┌─ Data to process

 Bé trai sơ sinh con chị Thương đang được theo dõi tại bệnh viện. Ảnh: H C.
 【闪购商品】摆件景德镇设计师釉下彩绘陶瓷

└─
┌─ Data to process

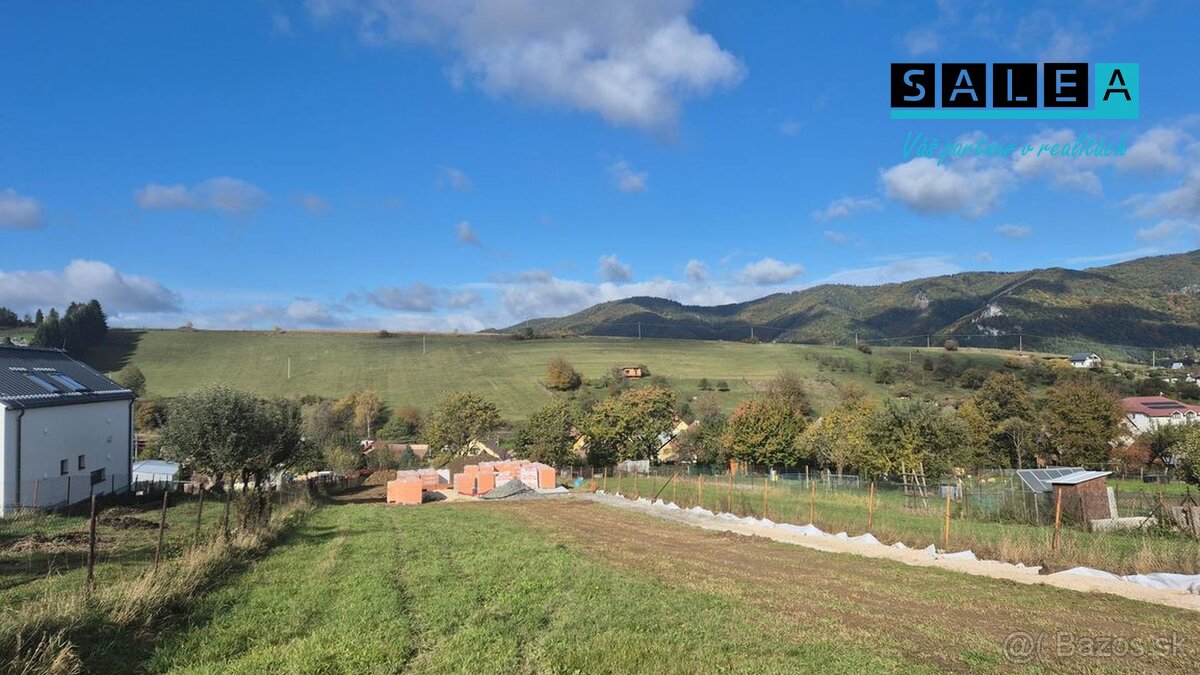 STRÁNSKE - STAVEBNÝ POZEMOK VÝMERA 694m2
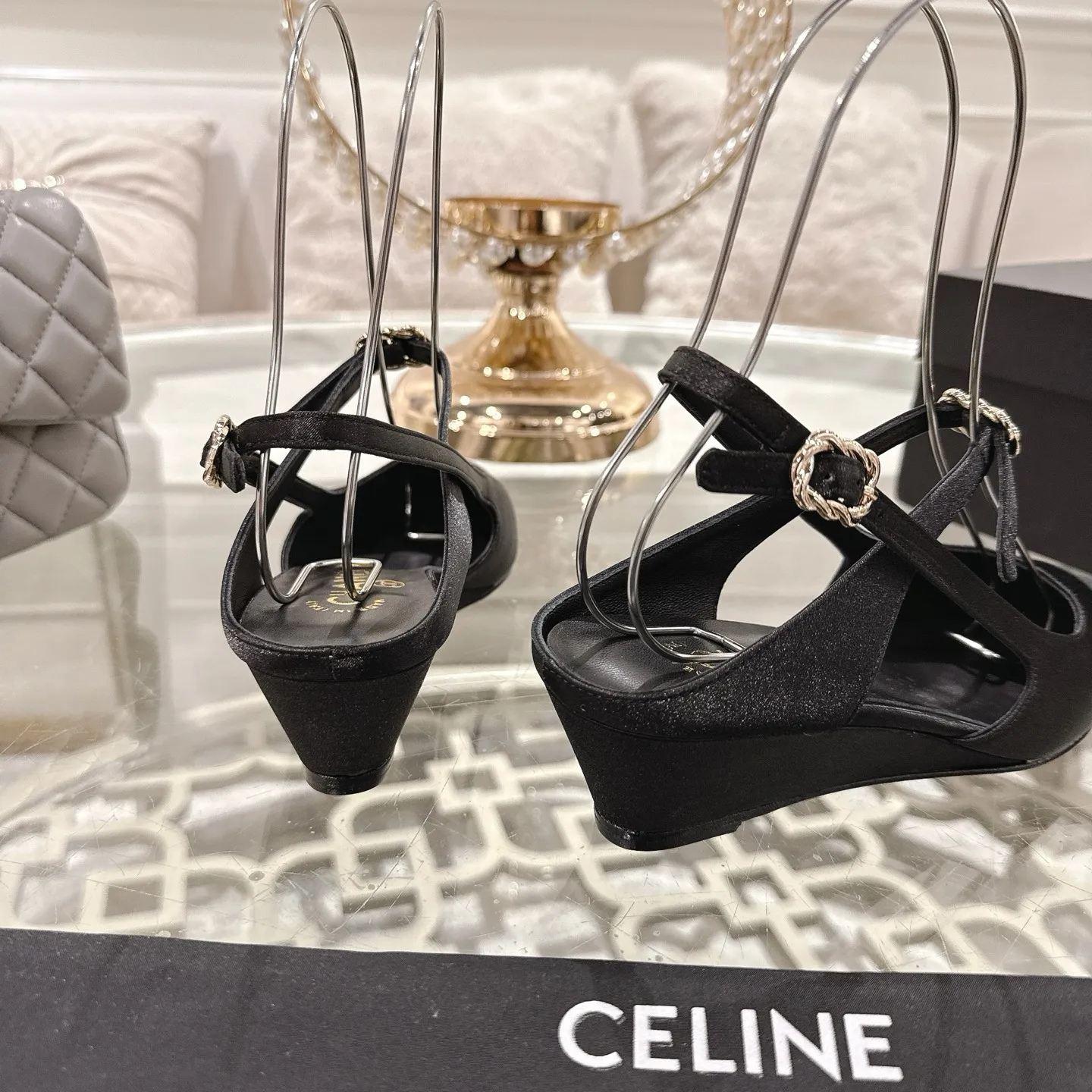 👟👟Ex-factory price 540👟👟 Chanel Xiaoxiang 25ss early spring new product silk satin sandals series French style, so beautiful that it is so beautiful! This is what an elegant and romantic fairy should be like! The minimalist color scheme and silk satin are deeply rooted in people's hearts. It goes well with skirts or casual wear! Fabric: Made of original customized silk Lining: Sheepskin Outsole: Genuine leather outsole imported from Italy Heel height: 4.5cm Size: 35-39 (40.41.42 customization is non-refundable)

└─

» Instructions for the task
In the listing above, find the line holding "STRÁNSKE - STAVEBNÝ POZEMOK VÝMERA 694m2" and the line holding "customization is non-refundable)". Reproduce those two lines and all between them exactly, leaving out pictures.

» Expected output
 STRÁNSKE - STAVEBNÝ POZEMOK VÝMERA 694m2
 👟👟Ex-factory price 540👟👟 Chanel Xiaoxiang 25ss early spring new product silk satin sandals series French style, so beautiful that it is so beautiful! This is what an elegant and romantic fairy should be like! The minimalist color scheme and silk satin are deeply rooted in people's hearts. It goes well with skirts or casual wear! Fabric: Made of original customized silk Lining: Sheepskin Outsole: Genuine leather outsole imported from Italy Heel height: 4.5cm Size: 35-39 (40.41.42 customization is non-refundable)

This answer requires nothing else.